PROBLEM: All lines from the one containing "Culturgeschichte der Menschheit, mit" down to the one containing "热搜背后91大事件最强对比分析全方位分析", both ends included, are to be given again exactly; omit the rest of the listing below.

RECORDS FOR THIS EXERCISE:
▬▬▬

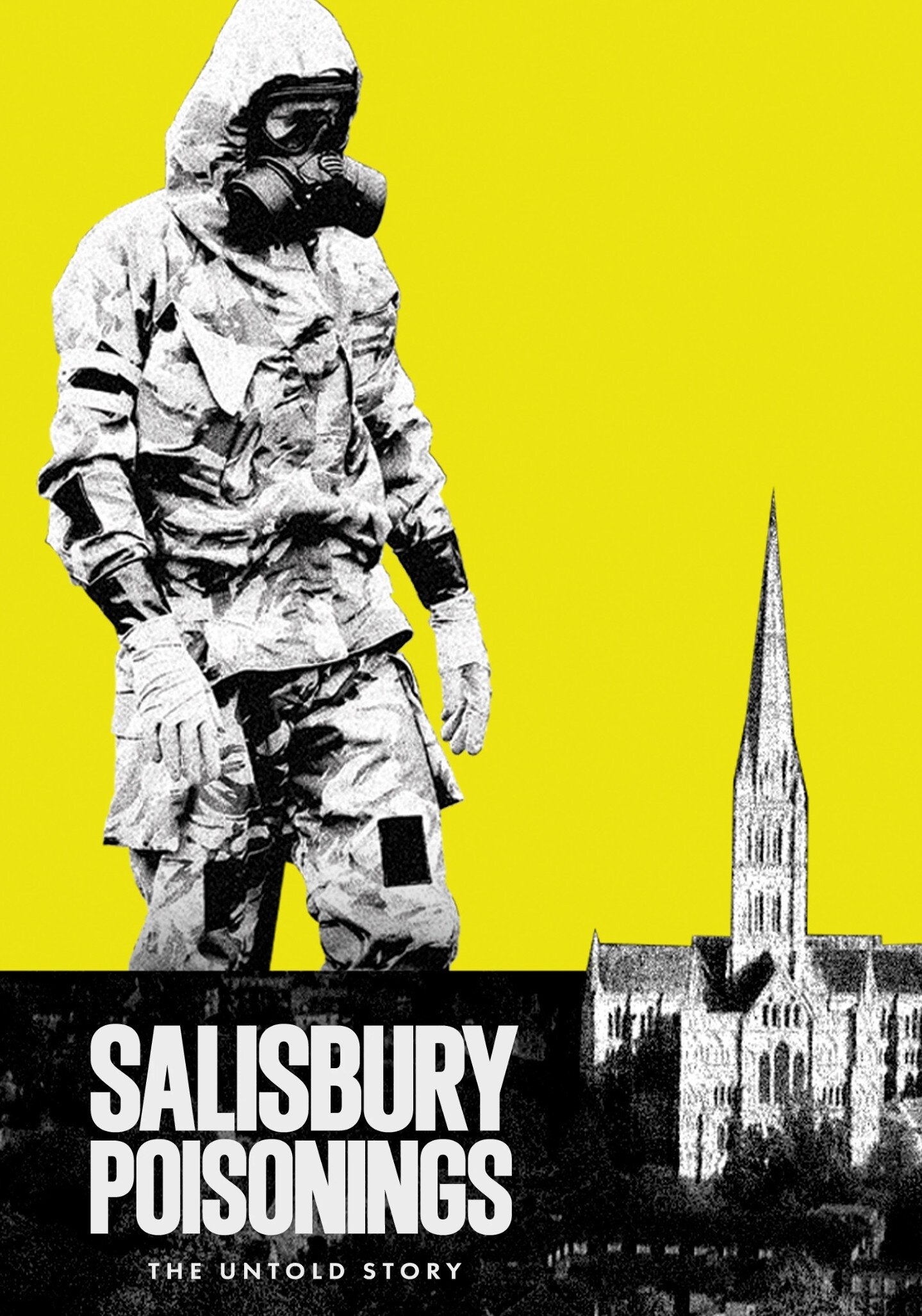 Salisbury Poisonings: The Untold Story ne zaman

▬▬▬

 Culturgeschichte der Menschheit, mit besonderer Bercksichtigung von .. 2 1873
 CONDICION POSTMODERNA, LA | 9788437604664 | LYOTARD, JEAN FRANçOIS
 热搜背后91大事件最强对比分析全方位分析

▬▬▬

ANSWER TO THIS PROBLEM:
 Culturgeschichte der Menschheit, mit besonderer Bercksichtigung von .. 2 1873
 CONDICION POSTMODERNA, LA | 9788437604664 | LYOTARD, JEAN FRANçOIS
 热搜背后91大事件最强对比分析全方位分析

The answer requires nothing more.